Symbol lookup rules and imports

Fri Dec 5 04:24:02 PST 2014

On 02/12/2014 22:00, H. S. Teoh via Digitalmars-d wrote:
> Recently, in a bid to reduce the messy tangle that is the web of
> interdependencies among Phobos modules, many module-scope imports have
> been replaced with scoped imports. In addition to reducing gratuitous
> dependencies (the scoped import is not processed in a template body
> until the template is actually needed, so if user code doesn't need that
> template, then it won't pull in a whole bunch of unnecessary Phobos
> modules), scoped imports also make the code easier to refactor -- you
> can move things around more easily without breaking it.
>
> However, there are major issues with scoped imports currently,
> that make this otherwise ideal solution less-than-ideal, which stem from
> the way 'import' is implemented in D. When the compiler encounters an
> 'import' statement, what it essentially does is to parse the symbols in
> the target module, and add them to the symbol table for the current
> scope. While this is a simple, straightforward implementation method, it
> leads to the following problems:
>
> 1) Consider this code:
>
> 	// Quiz for the reader: what does this code do?
> 	void myFunc(string text, string number) {
> 		import std.conv;
> 		import std.stdio;
>
> 		auto x = to!int(number);
> 		writeln(text, x);
> 	}
> 	void main() {
> 		myFunc("The count is: ", "123");
> 	}
>
> Here's the output:
>
> 	123
>
> The reason is that `import std.conv;` pulls in *all* the symbols from
> std.conv into the local scope, including the function called "text".

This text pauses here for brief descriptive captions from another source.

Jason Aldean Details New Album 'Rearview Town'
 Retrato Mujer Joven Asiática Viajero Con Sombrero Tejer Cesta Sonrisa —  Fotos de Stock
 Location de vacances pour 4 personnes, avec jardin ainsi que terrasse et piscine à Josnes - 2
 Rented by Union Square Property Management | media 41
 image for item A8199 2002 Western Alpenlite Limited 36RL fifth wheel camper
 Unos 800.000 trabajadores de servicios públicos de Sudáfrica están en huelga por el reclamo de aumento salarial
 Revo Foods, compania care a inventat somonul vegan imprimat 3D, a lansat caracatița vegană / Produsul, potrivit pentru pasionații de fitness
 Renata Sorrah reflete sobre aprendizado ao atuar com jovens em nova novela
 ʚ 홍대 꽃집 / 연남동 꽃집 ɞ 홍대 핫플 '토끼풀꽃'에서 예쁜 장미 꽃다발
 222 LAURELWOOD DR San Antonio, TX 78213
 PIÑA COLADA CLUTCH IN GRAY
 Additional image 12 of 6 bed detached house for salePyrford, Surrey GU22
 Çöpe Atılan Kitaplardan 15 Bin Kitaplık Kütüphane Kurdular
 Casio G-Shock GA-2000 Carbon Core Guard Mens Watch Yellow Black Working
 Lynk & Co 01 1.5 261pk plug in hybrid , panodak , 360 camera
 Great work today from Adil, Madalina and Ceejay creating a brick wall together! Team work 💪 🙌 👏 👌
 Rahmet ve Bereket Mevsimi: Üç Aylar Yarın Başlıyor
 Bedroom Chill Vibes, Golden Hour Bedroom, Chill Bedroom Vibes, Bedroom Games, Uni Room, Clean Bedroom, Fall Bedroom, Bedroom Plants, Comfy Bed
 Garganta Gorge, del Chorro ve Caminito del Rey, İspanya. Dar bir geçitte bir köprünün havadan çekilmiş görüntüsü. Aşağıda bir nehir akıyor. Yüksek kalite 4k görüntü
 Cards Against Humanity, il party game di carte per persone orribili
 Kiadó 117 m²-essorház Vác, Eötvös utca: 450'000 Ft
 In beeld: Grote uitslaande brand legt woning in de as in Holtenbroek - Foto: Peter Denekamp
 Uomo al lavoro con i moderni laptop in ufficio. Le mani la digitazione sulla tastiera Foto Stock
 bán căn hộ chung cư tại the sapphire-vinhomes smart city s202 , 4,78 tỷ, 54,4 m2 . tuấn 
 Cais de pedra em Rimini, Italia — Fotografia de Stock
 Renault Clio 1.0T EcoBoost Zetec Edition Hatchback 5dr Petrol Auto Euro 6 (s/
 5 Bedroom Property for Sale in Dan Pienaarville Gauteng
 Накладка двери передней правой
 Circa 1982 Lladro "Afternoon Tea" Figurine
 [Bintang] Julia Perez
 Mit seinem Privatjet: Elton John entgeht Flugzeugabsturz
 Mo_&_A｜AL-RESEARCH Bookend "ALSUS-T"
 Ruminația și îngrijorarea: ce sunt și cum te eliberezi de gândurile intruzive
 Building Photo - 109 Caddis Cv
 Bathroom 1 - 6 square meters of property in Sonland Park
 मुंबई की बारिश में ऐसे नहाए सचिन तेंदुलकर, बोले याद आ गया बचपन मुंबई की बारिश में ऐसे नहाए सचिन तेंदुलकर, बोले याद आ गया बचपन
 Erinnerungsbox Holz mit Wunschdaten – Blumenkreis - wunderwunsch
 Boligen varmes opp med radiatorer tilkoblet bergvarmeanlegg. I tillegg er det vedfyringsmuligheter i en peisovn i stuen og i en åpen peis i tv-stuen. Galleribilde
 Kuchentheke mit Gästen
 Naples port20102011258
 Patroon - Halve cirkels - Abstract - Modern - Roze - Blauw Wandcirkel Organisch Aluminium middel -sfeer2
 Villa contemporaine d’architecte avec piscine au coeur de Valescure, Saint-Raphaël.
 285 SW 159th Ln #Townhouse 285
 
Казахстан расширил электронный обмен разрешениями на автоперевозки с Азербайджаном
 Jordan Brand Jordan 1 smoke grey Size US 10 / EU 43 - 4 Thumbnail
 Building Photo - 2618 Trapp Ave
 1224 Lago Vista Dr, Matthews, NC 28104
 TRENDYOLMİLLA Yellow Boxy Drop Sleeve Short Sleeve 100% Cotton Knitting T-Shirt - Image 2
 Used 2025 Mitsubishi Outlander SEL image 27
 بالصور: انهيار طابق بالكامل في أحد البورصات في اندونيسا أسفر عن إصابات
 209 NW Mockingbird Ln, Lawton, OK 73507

> This causes "text" (i.e., std.conv.text) to shadow the parameter "text",
> so `writeln(text, x);` is interpreted as:
>
> 	std.stdio.writeln(std.conv.text(), x);
>
> so the parameter "text" is never used. This is just a simple example;
> the problem becomes much harder to trace when the shadowed symbol is not
> this close to the import scope:
>
> 	struct S {
> 		string text;
> 		...
> 		void method() {
> 			import std.conv;
> 			...
> 			writeln(text); // uses std.conv.text, not this.text
> 		}
> 	}
>
> Worse yet, suppose we have this code, that today works correctly:
>
> 	struct S {
> 		string buf;
> 		void format() {
> 			buf = ... /* format S's data into string form */
> 		}
> 		void method() {
> 			import std.file;
> 			...		// do some processing based on files
> 			format();	// calls this.format()
> 		}
> 	}
>
> Now, suppose at some point in the future, we introduce a function also
> called format() in std.file, that formats your hard drive. The user code
> is unchanged. What happens when you recompile the program and run it? It
> will compile successfully... and then format your hard drive without any
> warning.
>
> This is the crux of the issue behind:
>
> 	https://issues.dlang.org/show_bug.cgi?id=10378
>
>
> 2) OK, so the conclusion is that unqualified scoped imports are
> dangerous, right? Alright, let's see what happens when we use qualified
> imports:
>
> 	// mod.d
> 	module mod;
> 	struct S {
> 		// Use a fully-qualified import.
> 		// We place it in the body of S because S's methods
> 		// repeatedly needs it -- after all, DRY is good, right?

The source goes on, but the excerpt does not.